=== GIVEN DATA ===
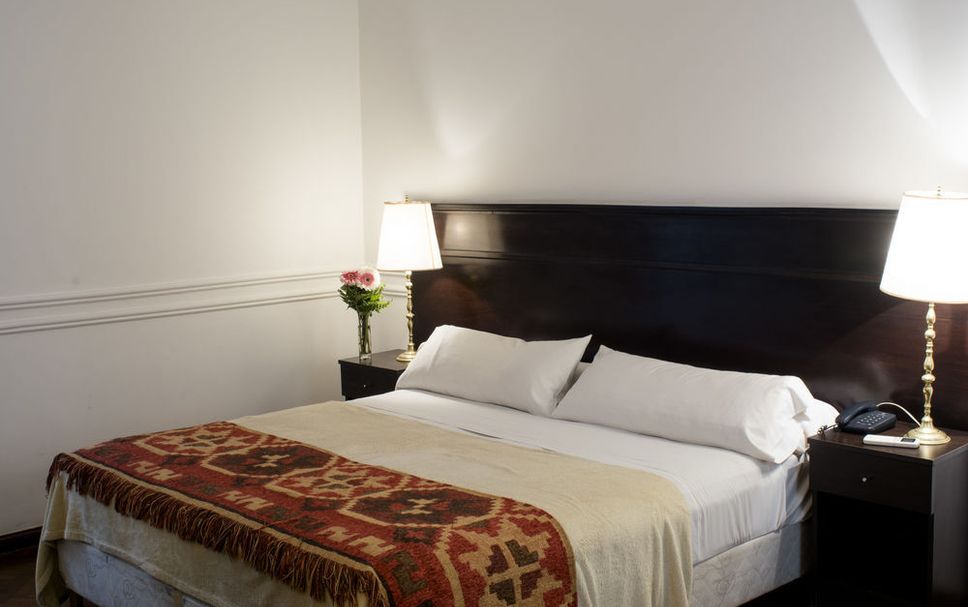 Yatak Odası Fotoğraf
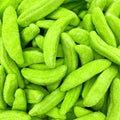 Banane Verte Sucrée 100g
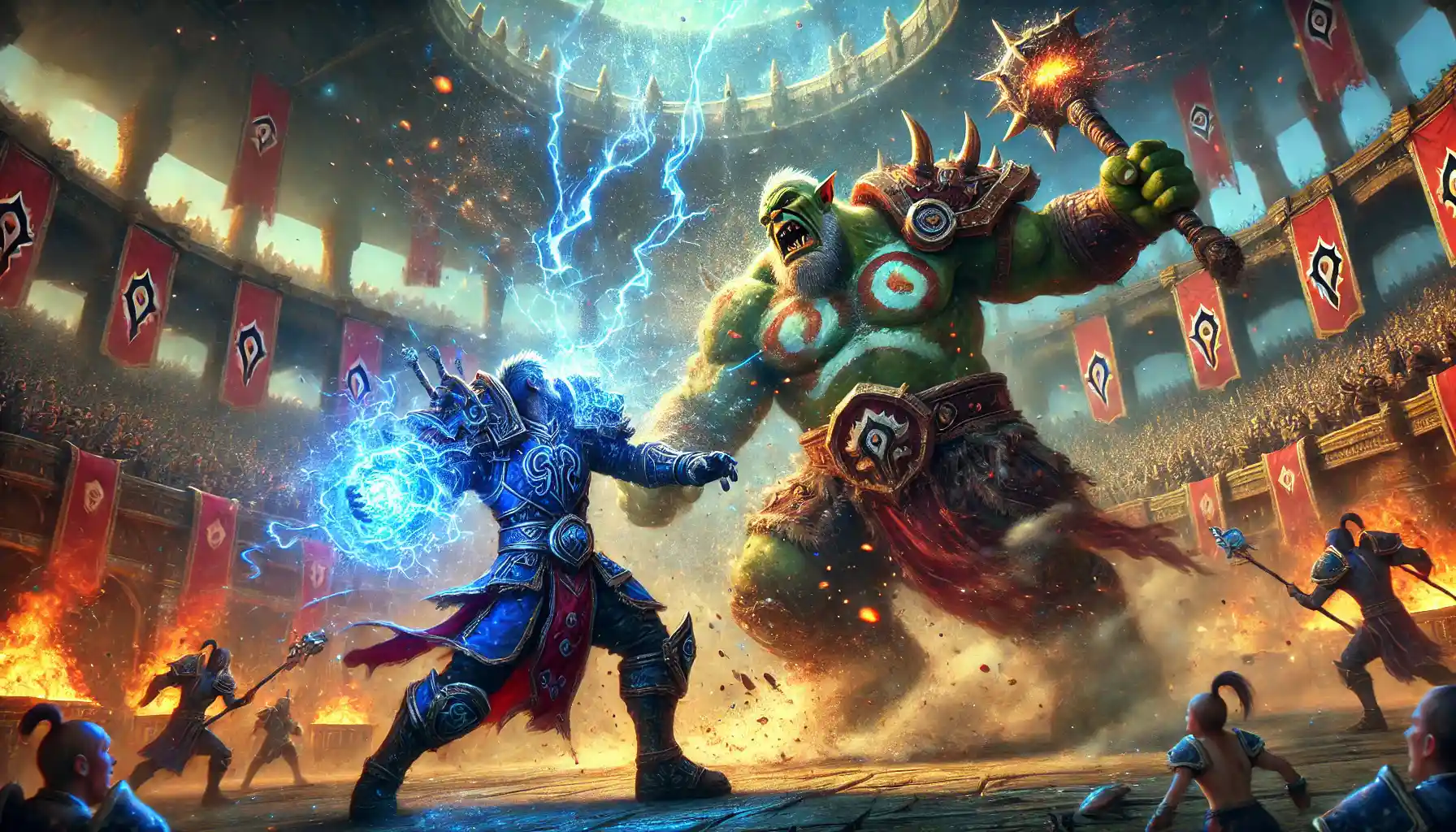 World Of Warcraft 11.1 Season 2 Class Tier List — Best Class In Liberation Of Undermine | Epiccarry Wow 11.1 Season 2 Top Classes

=== TASK ===
Leave out the pictures and repeat the remaining data exactly.

=== TASK OUTPUT ===
 Yatak Odası Fotoğraf
 Banane Verte Sucrée 100g
 World Of Warcraft 11.1 Season 2 Class Tier List — Best Class In Liberation Of Undermine | Epiccarry Wow 11.1 Season 2 Top Classes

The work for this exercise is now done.